In order to identify individual radiation source signals under small sample conditions, more sample data need to be obtained, so small changes are made to the existing data sets, such as rotation, shift, flip, etc., to enhance the sample data. Aiming at the time-frequency domain characteristics of OFDM signals, combined with the periodic characteristics of the signal, a method of data enhancement by flipping in the phase domain and time domain is proposed.

In the phase domain, the Hilbert transform is a commonly used method in signal processing. By inverting the phase of the original signal, different angles of the signal are displayed. The Hilbert transform method is used to convolve the signal to construct the time-frequency of the target. Parses the signal, enabling enhancements.

Assuming an existing signal s(t), then define the Hilbert transform of the signal s(t) as

(3)

It can be known from the above formula that H(s(t)) is the convolution of s(t) and 1/(πt). By looking up the table to solve, we can get:

(4)

In the formula: j is the imaginary unit; ω is the angular frequency.

Therefore, |H(s(t))|=1, let:

Introduce Euler's formula ejφ0n=cos ω0n+jsin ω0n, from Euler's formula, when cos ω0n+jsin ω0n=-j, ω0n=-π/2, namely φ(ω)=-π/2(ω>0 ). Similarly φ(ω)=π/2(ω<0), we can get:

(5)

It can be seen from the above formula that when the frequency is greater than 0, the phase shifts to the left by 90°, otherwise, it shifts to the right by 90°, thus realizing the signal inversion in the phase domain.
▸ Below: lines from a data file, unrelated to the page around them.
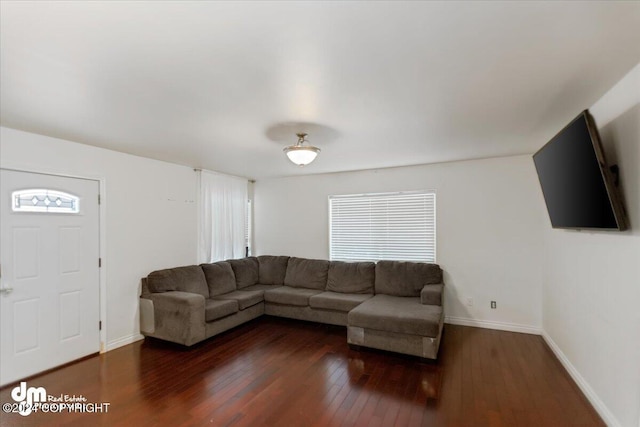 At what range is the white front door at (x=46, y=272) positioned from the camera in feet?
9.51

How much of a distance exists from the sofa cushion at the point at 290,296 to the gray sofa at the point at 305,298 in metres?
0.01

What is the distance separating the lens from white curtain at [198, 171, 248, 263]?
5.02 meters

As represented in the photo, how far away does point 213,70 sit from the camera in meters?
1.82

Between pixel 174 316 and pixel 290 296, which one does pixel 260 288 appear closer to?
pixel 290 296

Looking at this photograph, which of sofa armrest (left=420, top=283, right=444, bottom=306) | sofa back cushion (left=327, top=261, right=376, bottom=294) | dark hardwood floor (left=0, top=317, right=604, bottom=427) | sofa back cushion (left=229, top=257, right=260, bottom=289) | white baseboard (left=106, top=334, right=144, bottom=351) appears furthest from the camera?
sofa back cushion (left=229, top=257, right=260, bottom=289)

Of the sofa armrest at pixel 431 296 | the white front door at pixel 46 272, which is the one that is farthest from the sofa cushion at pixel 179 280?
the sofa armrest at pixel 431 296

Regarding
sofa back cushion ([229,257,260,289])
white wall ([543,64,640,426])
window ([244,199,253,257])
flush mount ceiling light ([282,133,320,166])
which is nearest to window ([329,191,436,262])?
sofa back cushion ([229,257,260,289])

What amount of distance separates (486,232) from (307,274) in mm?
2779

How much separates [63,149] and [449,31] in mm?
3863

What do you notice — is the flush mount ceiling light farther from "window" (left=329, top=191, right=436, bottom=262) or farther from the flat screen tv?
"window" (left=329, top=191, right=436, bottom=262)

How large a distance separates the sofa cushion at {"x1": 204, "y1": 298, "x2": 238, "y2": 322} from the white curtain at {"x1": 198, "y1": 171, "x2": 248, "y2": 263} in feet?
3.68

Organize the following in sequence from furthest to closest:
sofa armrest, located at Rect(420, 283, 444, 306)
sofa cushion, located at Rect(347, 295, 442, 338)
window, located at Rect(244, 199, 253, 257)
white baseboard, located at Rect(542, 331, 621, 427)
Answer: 1. window, located at Rect(244, 199, 253, 257)
2. sofa armrest, located at Rect(420, 283, 444, 306)
3. sofa cushion, located at Rect(347, 295, 442, 338)
4. white baseboard, located at Rect(542, 331, 621, 427)

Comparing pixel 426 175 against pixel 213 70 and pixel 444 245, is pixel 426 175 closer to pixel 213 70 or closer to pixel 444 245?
pixel 444 245

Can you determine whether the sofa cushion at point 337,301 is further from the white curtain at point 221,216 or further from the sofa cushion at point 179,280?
the white curtain at point 221,216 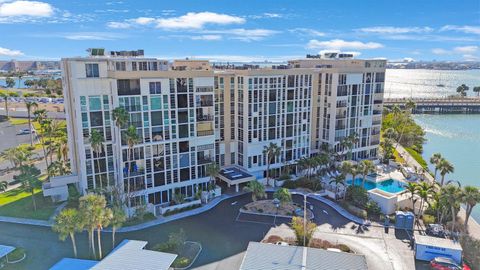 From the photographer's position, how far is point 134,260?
2867cm

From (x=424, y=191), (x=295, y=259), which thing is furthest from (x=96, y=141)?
(x=424, y=191)

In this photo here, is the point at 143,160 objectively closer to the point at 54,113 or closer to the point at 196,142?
the point at 196,142

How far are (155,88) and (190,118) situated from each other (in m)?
6.10

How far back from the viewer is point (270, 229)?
40.0m

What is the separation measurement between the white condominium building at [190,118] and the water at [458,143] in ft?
73.1

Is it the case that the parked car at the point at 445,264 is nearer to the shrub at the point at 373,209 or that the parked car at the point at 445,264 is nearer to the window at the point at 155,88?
the shrub at the point at 373,209

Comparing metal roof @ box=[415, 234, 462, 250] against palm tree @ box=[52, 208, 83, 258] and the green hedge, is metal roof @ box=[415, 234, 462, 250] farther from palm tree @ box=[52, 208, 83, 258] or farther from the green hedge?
the green hedge

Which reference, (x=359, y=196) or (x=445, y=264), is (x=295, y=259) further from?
(x=359, y=196)

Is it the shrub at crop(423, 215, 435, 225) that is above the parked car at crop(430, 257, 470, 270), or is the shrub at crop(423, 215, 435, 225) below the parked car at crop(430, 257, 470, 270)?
above

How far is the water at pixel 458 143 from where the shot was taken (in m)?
63.1

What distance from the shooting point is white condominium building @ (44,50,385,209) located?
138 feet

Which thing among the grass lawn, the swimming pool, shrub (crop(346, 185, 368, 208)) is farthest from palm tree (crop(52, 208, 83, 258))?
the swimming pool

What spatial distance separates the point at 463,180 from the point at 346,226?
32.4 metres

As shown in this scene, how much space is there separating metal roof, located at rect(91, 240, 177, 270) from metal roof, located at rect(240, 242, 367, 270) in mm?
6494
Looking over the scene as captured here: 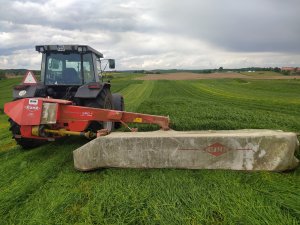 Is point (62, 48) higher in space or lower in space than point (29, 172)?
higher

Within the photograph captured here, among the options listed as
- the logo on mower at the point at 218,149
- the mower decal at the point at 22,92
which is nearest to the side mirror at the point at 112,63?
the mower decal at the point at 22,92

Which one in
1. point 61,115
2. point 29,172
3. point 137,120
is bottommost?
point 29,172

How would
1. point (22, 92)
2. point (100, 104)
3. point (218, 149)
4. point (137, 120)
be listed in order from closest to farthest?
point (218, 149) < point (137, 120) < point (100, 104) < point (22, 92)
In the time domain, in view of the periodic characteristics of the signal, the 1200 OFDM effective signals contained in each subcarrier in the 100 ms original signal data are horizontally flipped, and the flipped subcarriers are recombined into a 108 subcarrier OFDM signal, form new training samples, expand the training set, improve the overall performance, so as to achieve the purpose of data enhancement.

1.4    Transfer Learning Method Based on Source Domain Instances

Electromagnetic signals are difficult to intercept, which makes it difficult for the collected signals to cover a large number of radiation source targets. Therefore, when new target signals appear, it is necessary to migrate the existing individual recognition models. In order to achieve faster model migration and achieve better The recognition effect usually requires a large amount of labeled data. Under the condition of small samples, it is necessary to make full use of the existing labeled data to improve the learning effect of the transfer model. Therefore, an example-based transfer learning method based on source domain data is proposed. .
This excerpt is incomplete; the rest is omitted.